Prize-winning artworks foster the theme of ‘a new heaven and a new earth’
WA artist Mikaela Castledine poses beside her sculpture. Photo: Theresia Titus.
By Theresia Titus
Western Australia based artist Mikaela Castledine has been announced as the winner of the 2018 Mandorla Art Award for her masterpiece entitled God is in the House.
Ms Castledine and fellow award winners were announced at a ceremony on 1 June at Turner Galleries, which also marked the launch of the Mandorla Art exhibition – which runs from 2 to 30 June.
For her architectural piece, Ms Castledine said she combined two ideas of using “the sacred shapes” from “everyday objects” and decorated them with fine hand-stitching, like a trousseau, to create a domestic event.
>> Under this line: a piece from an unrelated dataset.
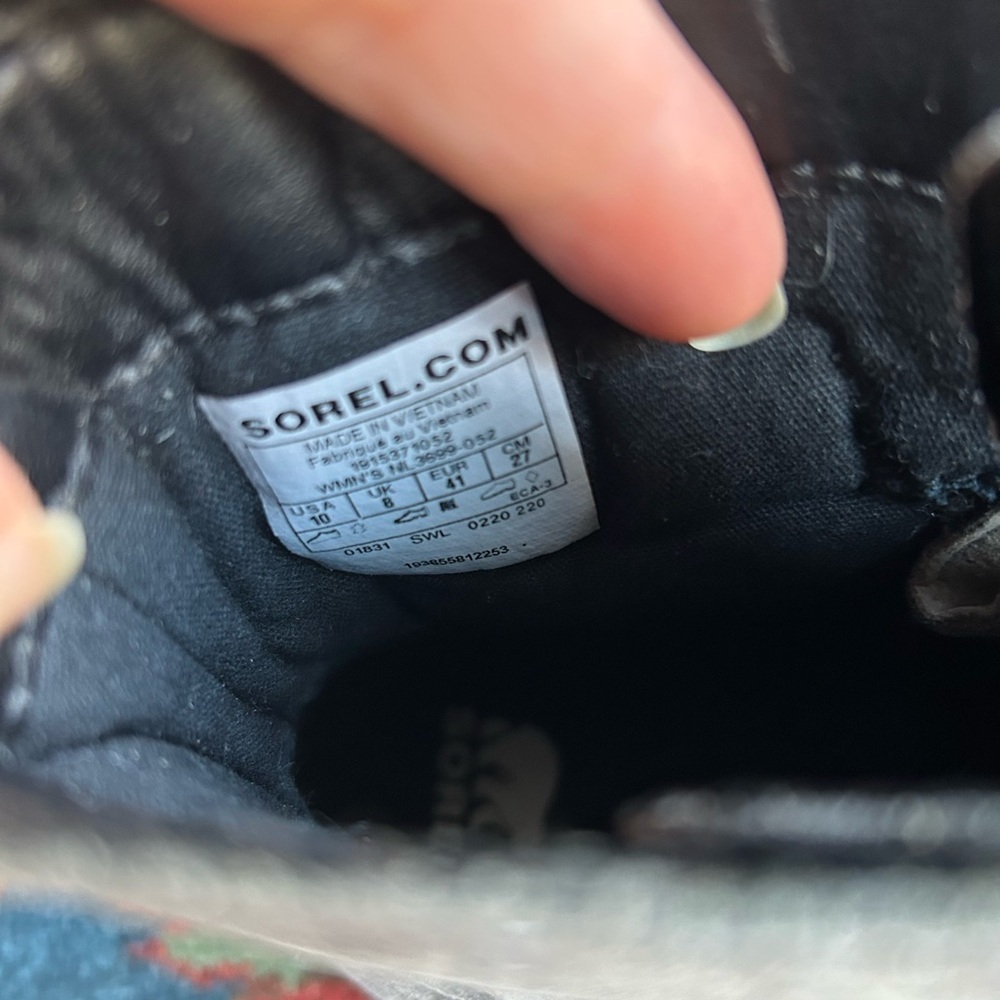 Waterproof Sorel Gray Ankle Boots Size 10 Excellent Condition - Picture 5 of 7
“If our new earth is scientific earth, a place of proof and fact, a new heaven should not float above us but exist much closer to home,” she wrote in her artwork statement.
Mandorla Art Award Committee Chairperson Dr Angela McCarthy told The eRecord that the winning artwork was judged based on its connection to the 2018 theme, taken from the Book of Revelation, chapter 21, verse one to two.
“What is chosen has to be high-quality contemporary art, and the scriptural theme must be addressed,” Dr McCarthy said.
“The winner would reflect the theme strongly.”
Dr McCarthy also said the 2018 Mandorla Art committee chose the theme through a day of discernment when each committee member contributed a prospective theme.
“This theme is very relevant today, how do you see the new heaven and earth, it’s about hope,” she said.
Bishop Sproxton presents one of the highly commenced prizes. Photo: Theresia Titus.
Auxiliary Bishop Don Sproxton, who attended the event and represented the Archdiocese of Perth, said he thought the choice of the theme was excellent.
“The theme is promotional, particularly at a time when we are living with so much hopelessness,” Bishop Sproxton said.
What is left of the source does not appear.